Alba capì subito che era la maga abbandonata dal Re e senza pensarci due volte, prima che le lanciasse un incantesimo e le impedisse di salvare il villaggio, impugnò la spada.
Nel frattempo il Corvo nero che aveva salvato si lanciò a beccare il volto della maga, così da consentire ad Alba di trafiggerle il petto, dal quale uscì un fiotto di sangue nero.
Fu allora che l’Unicorno bianco arrivò, la ragazza prese la Rosa rossa e salì in groppa all’animale, che era velocissimo.
Sentiva che la maga la stava inseguendo, ma l’Unicorno era più veloce della luce e in un attimo furono avanti al Castello.
Le nubi nere, scatenate dalla maga adirata, si addensavano sul villaggio. Il cielo si oscurò.

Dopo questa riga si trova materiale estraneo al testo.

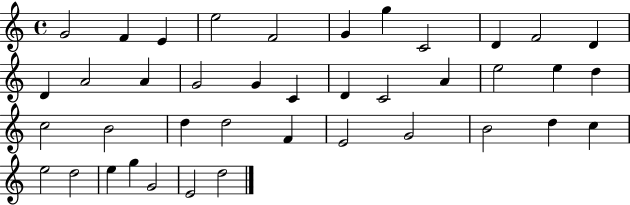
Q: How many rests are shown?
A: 0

Tutti gli abitanti del villaggio, compresi i genitori di Alba, erano accorsi a vedere la ragazza dal lungo mantello
bianco, dai folti capelli neri, che reggeva tra le mani una spada e una Rosa rossa, davanti al Castello.
Era ormai sera, le stelle brillavano e l’oscurità era tagliata da una luminosa falce di luna.
La fanciulla si ergeva di fronte al lago, aveva lo sguardo deciso, non era più la ragazzina di prima.
Tutti videro con grande stupore un enorme Drago Bianco levarsi in volo dal Castello, maestoso.
La ragazza prese la Rosa e la depose ai suoi piedi.
E fu allora che le stelle brillarono ancora di più, la neve si sciolse, l’aria non fu più fredda.
Le porte del Castello si aprirono e ne uscirono i cortigiani vestiti a festa, la musica echeggiava e all’interno si vedevano tavole imbandite con il cibo.
Al posto del Drago c’era un uomo dalla barba bianca, che indossava una corona. Era il Re.
Il Re prese la corona in mano e sotto gli occhi stupiti di tutti disse:
“Giovane Alba, tu non ricordi ma sei tu mia figlia, la piccola principessa che riuscì quel giorno ad essere portata via di nascosto e sfuggì alla maledizione, affidata alle cure del panettiere del villaggio.
Io ormai sono vecchio per fare il Re. Tu, piccola Alba, che ci hai liberato dalla terribile Maledizione del Ghiaccio, sarai la regina di questo villaggio.
E fu così che Alba si inginocchiò e il Re le posò la corona sulla testa.
Divenne una splendida e giusta regina e le Rose del castello tornarono ad essere rosse e il villaggio gioioso.
La Regina Alba regnò molti e molti anni e il suo Castello, bellissimo e visitato da ogni parte del mondo, divenne il Castello della Rosa, che si specchia nelle azzurre acque del Lago.
Il villaggio prosperò a lungo, e vissero felici e contenti.